**The input**
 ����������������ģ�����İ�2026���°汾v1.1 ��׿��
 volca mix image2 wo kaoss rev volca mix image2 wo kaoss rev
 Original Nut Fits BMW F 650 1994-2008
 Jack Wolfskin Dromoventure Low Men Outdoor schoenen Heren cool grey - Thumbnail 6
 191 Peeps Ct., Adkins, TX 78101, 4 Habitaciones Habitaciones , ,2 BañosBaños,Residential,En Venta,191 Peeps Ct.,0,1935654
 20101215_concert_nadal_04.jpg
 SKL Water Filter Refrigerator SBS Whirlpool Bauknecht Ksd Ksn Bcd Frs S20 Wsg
...
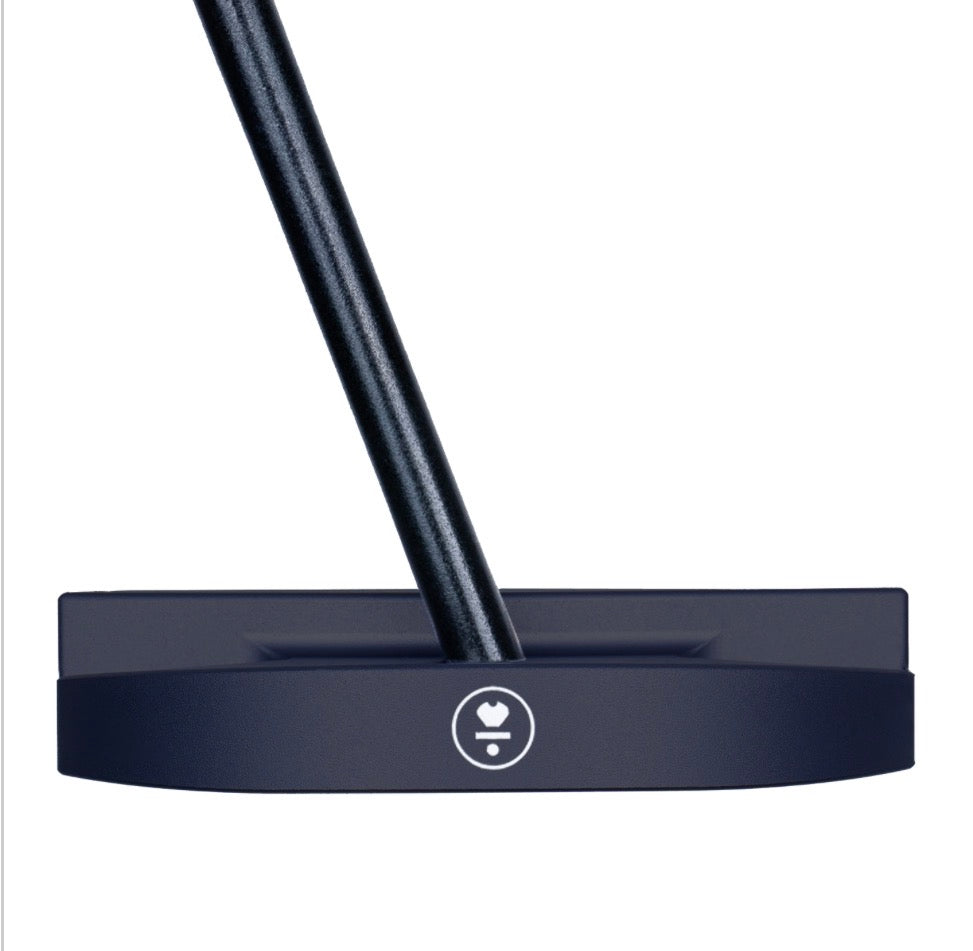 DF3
...
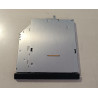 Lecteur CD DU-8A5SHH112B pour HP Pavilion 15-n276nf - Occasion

**Assignment**
Output should match, line for line, the stretch of the material above from the line holding "volca mix image2 wo kaoss rev volca" through the line holding "SKL Water Filter".

**Exercise solution**
 volca mix image2 wo kaoss rev volca mix image2 wo kaoss rev
 Original Nut Fits BMW F 650 1994-2008
 Jack Wolfskin Dromoventure Low Men Outdoor schoenen Heren cool grey - Thumbnail 6
 191 Peeps Ct., Adkins, TX 78101, 4 Habitaciones Habitaciones , ,2 BañosBaños,Residential,En Venta,191 Peeps Ct.,0,1935654
 20101215_concert_nadal_04.jpg
 SKL Water Filter Refrigerator SBS Whirlpool Bauknecht Ksd Ksn Bcd Frs S20 Wsg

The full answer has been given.